▶ WORK INSTRUCTION
An exact transcription is needed of the lines below from the one with "Mazda Mazda3 2014" through the one with "Cooling Harness - Blue", with no other lines and no pictures.

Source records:
■ ■ ■ ■ ■

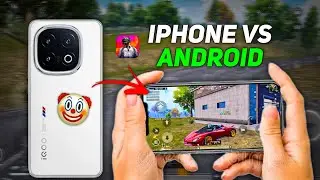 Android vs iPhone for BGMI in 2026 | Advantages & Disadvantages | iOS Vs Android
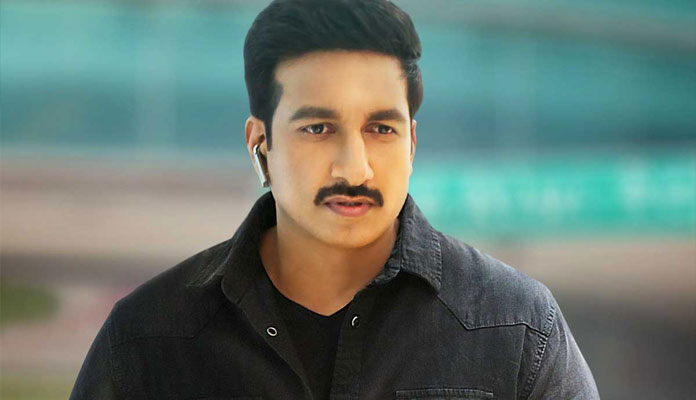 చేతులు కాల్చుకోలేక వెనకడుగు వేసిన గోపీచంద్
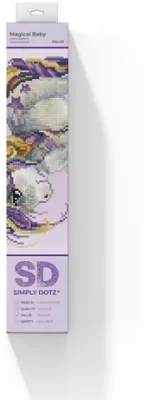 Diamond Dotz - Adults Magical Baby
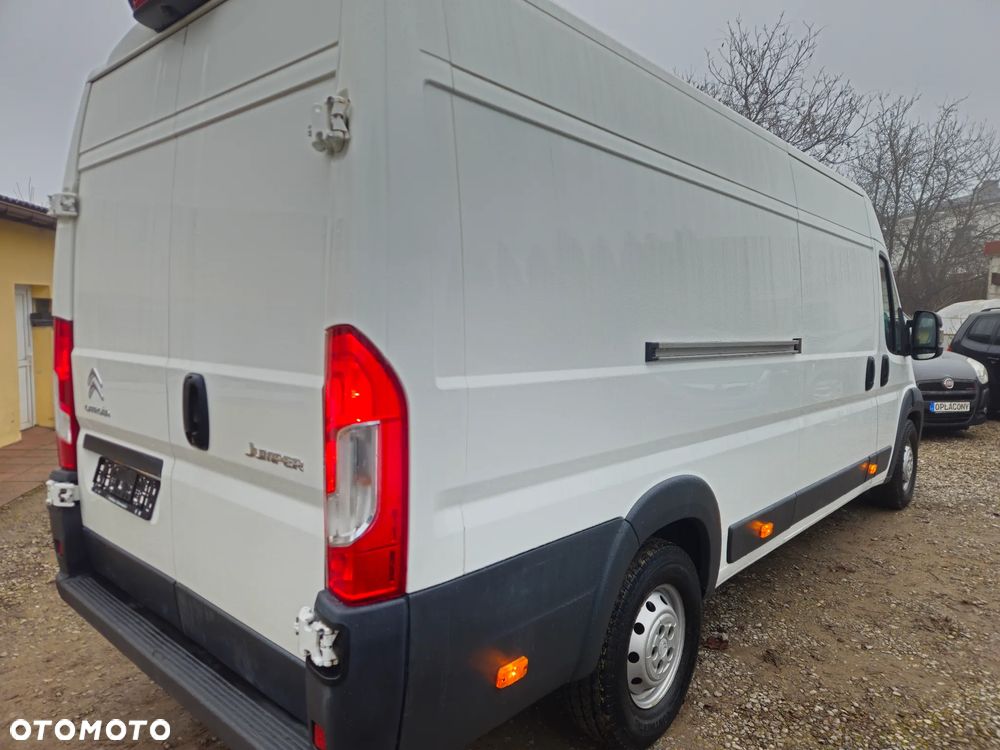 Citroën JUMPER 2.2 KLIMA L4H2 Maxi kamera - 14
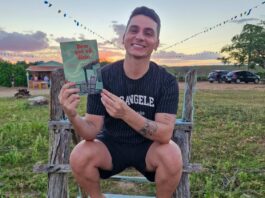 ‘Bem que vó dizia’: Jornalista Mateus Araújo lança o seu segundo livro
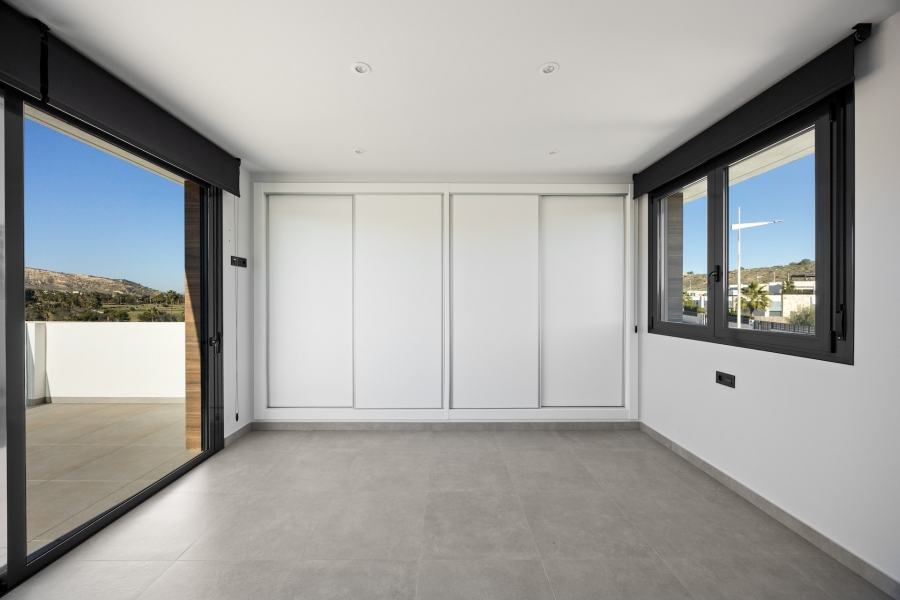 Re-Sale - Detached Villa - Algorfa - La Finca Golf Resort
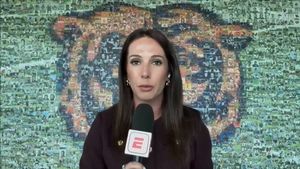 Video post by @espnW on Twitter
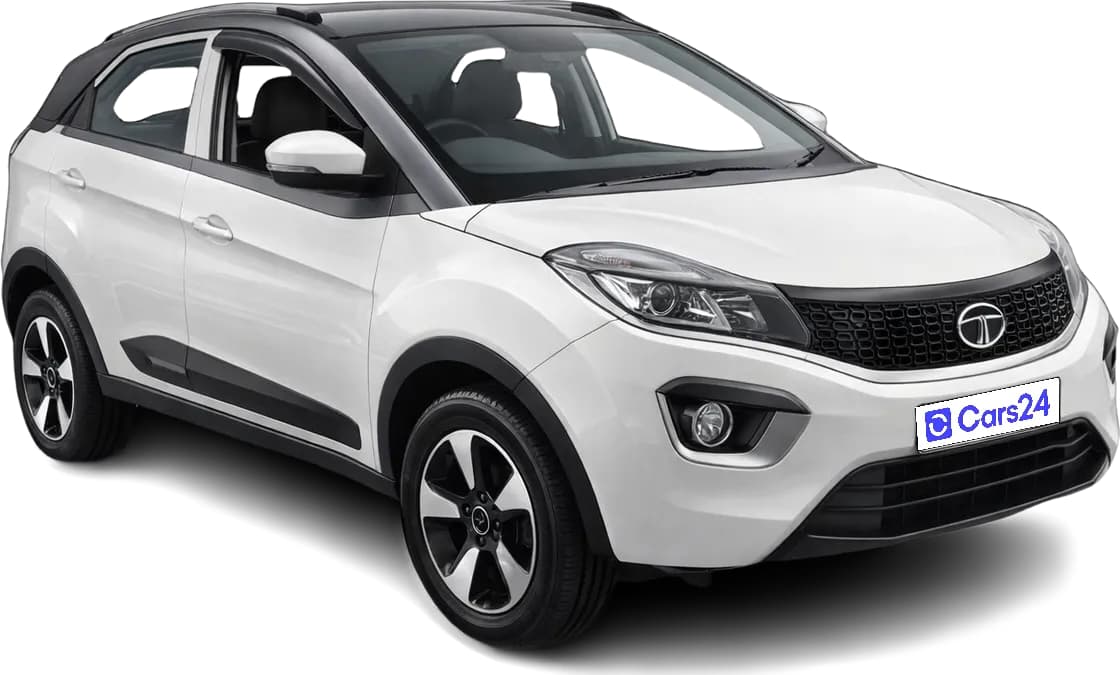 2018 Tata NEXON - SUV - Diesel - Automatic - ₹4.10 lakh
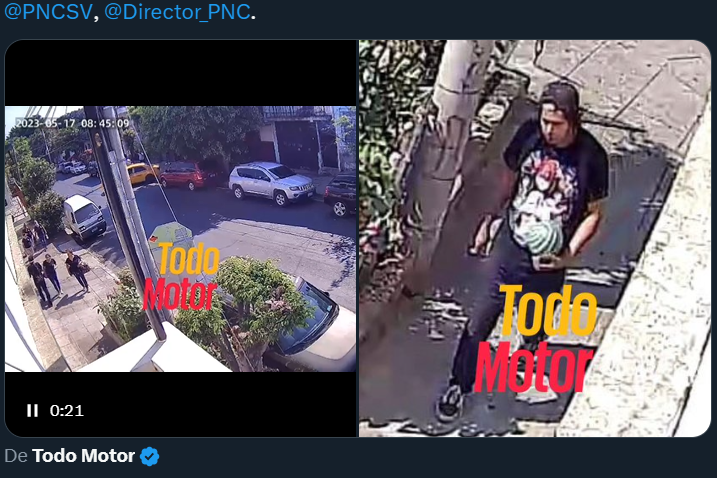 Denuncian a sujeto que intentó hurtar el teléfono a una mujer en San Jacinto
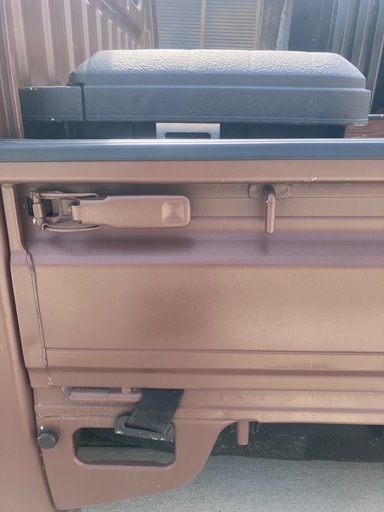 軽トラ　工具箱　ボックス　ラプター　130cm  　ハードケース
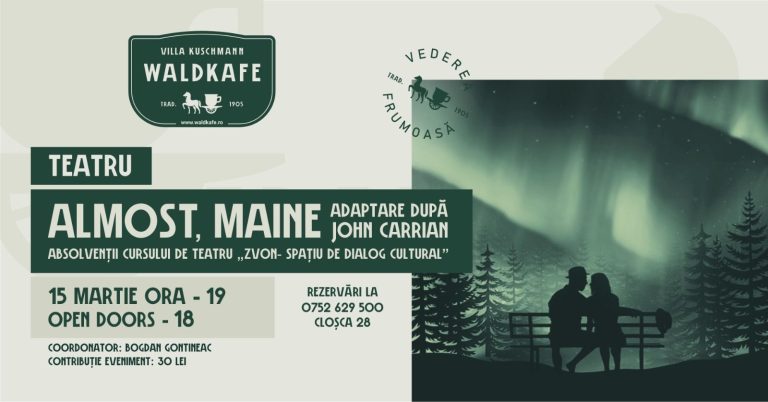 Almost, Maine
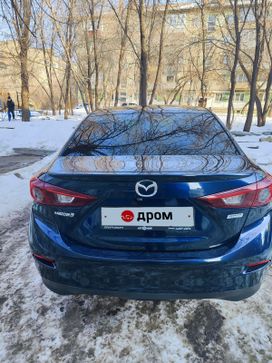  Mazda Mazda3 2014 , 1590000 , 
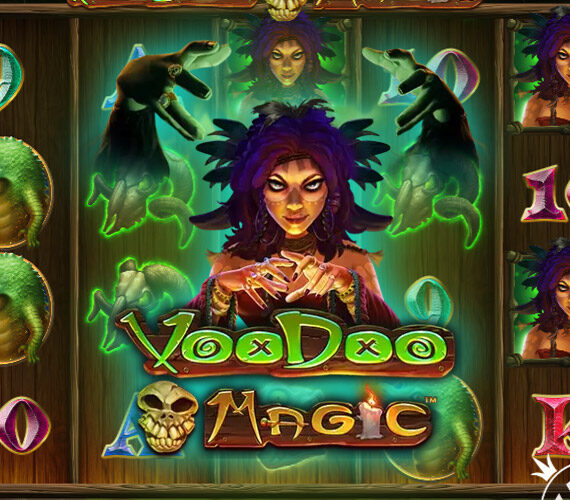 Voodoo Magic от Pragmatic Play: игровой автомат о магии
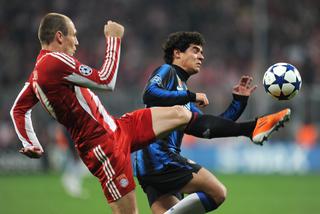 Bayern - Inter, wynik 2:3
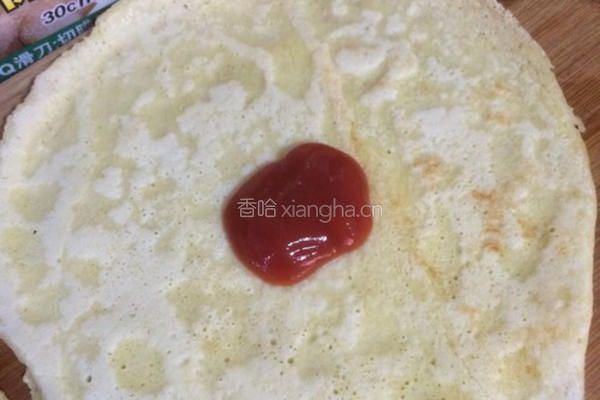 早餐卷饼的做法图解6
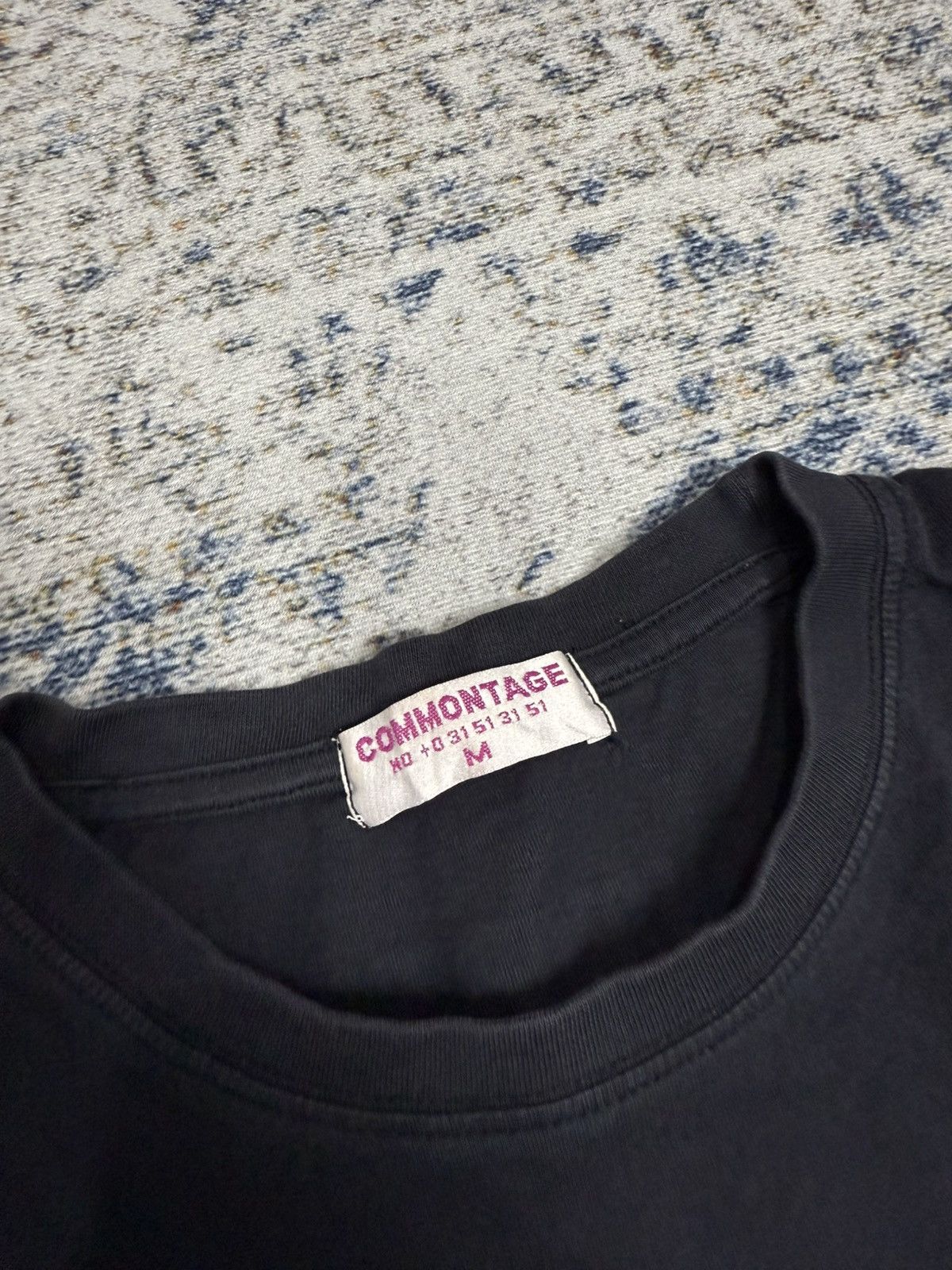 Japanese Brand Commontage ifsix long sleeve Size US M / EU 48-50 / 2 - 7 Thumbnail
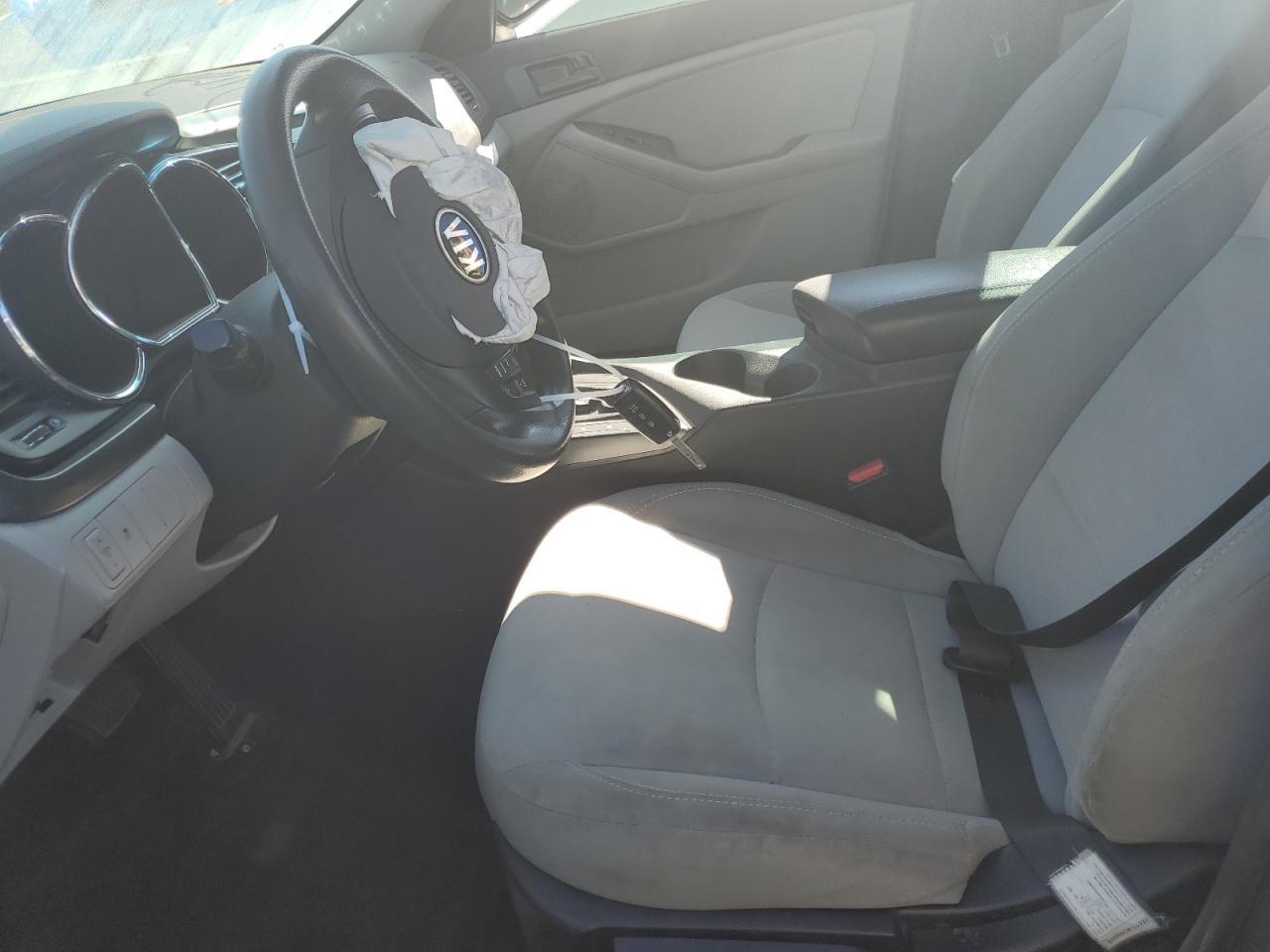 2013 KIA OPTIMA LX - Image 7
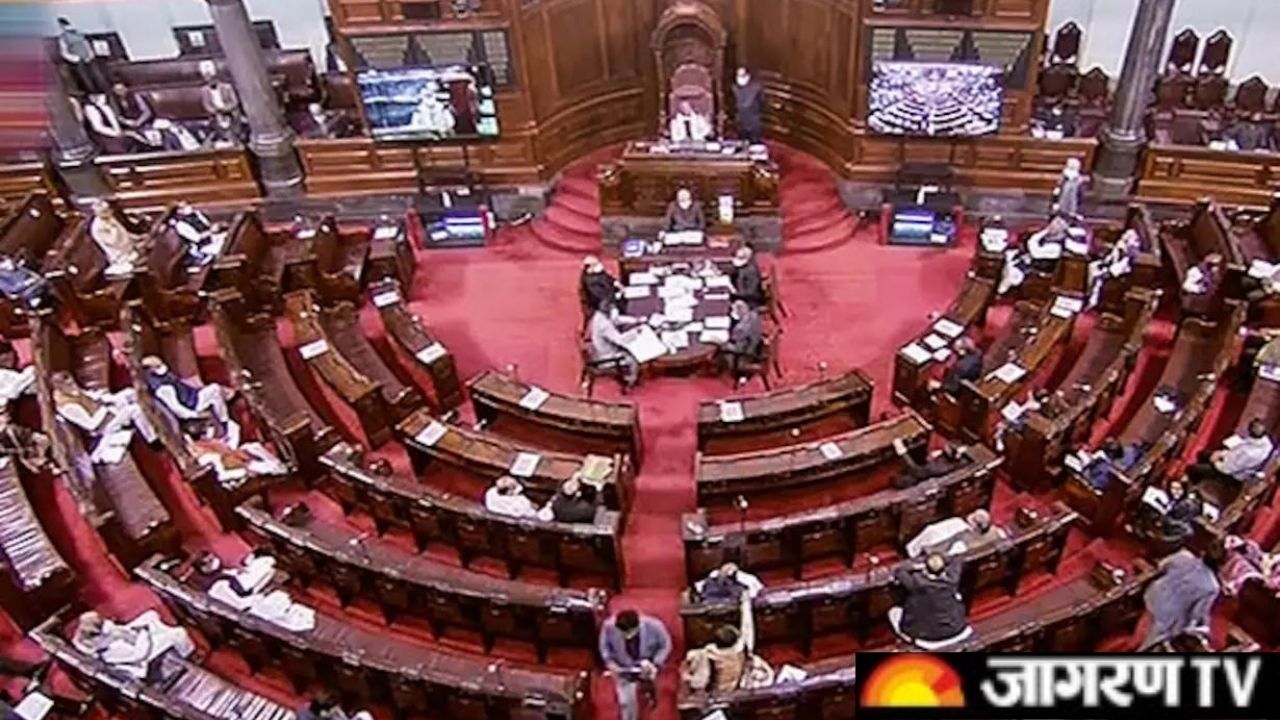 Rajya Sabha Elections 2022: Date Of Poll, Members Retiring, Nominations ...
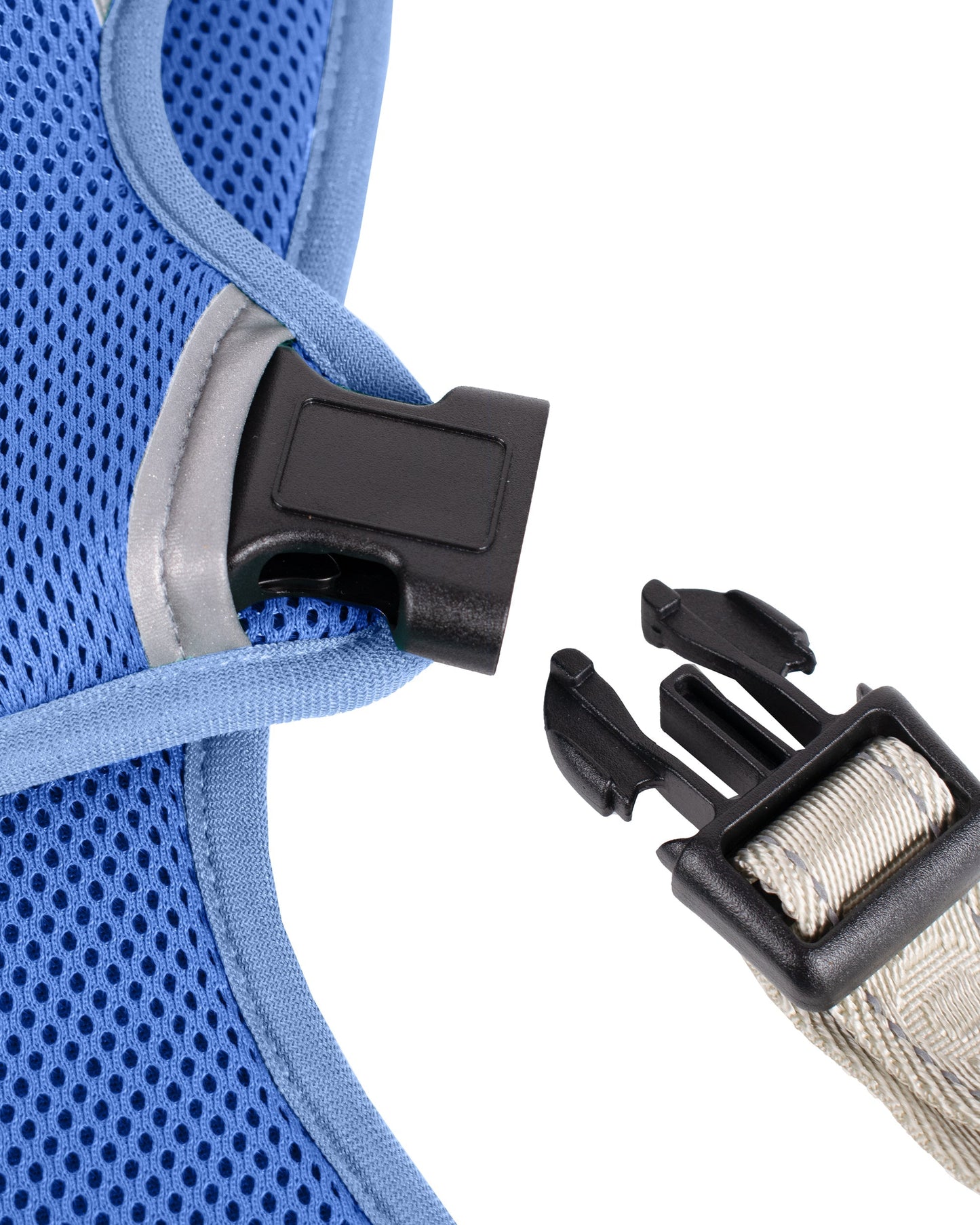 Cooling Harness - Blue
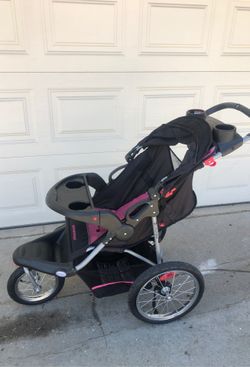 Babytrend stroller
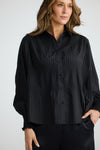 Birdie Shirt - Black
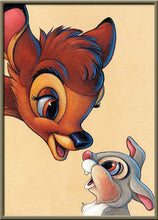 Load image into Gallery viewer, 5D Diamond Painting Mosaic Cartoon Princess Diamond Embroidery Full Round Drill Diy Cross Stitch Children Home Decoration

■ ■ ■ ■ ■

▶ RESPONSE
  Mazda Mazda3 2014 , 1590000 , 
 Voodoo Magic от Pragmatic Play: игровой автомат о магии
 Bayern - Inter, wynik 2:3
 早餐卷饼的做法图解6
 Japanese Brand Commontage ifsix long sleeve Size US M / EU 48-50 / 2 - 7 Thumbnail
 2013 KIA OPTIMA LX - Image 7
 Rajya Sabha Elections 2022: Date Of Poll, Members Retiring, Nominations ...
 Cooling Harness - Blue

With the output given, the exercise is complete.